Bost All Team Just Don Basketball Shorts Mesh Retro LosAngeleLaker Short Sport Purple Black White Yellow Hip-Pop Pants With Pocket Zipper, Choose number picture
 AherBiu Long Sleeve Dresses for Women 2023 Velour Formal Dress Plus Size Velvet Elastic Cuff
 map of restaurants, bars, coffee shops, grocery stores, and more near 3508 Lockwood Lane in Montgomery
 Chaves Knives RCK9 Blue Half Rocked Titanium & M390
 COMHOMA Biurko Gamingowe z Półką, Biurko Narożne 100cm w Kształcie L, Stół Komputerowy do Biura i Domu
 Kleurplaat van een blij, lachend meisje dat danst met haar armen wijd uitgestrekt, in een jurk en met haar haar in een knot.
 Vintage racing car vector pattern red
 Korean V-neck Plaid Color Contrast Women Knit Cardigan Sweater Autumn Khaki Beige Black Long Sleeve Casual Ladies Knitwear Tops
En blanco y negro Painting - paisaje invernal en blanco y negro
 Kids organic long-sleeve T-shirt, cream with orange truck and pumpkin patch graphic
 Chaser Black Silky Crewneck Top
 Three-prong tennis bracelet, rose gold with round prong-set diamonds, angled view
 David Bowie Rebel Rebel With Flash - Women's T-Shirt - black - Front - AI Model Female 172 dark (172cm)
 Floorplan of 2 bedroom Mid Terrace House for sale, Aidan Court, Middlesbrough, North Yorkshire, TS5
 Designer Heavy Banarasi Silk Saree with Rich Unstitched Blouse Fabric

......

_YOUR GOAL_
Within the material above, transcribe exactly the lines that run from the line holding "Korean V-neck Plaid" through the line holding "David Bowie Rebel".

_RESPONSE AREA_
 Korean V-neck Plaid Color Contrast Women Knit Cardigan Sweater Autumn Khaki Beige Black Long Sleeve Casual Ladies Knitwear Tops
En blanco y negro Painting - paisaje invernal en blanco y negro
 Kids organic long-sleeve T-shirt, cream with orange truck and pumpkin patch graphic
 Chaser Black Silky Crewneck Top
 Three-prong tennis bracelet, rose gold with round prong-set diamonds, angled view
 David Bowie Rebel Rebel With Flash - Women's T-Shirt - black - Front - AI Model Female 172 dark (172cm)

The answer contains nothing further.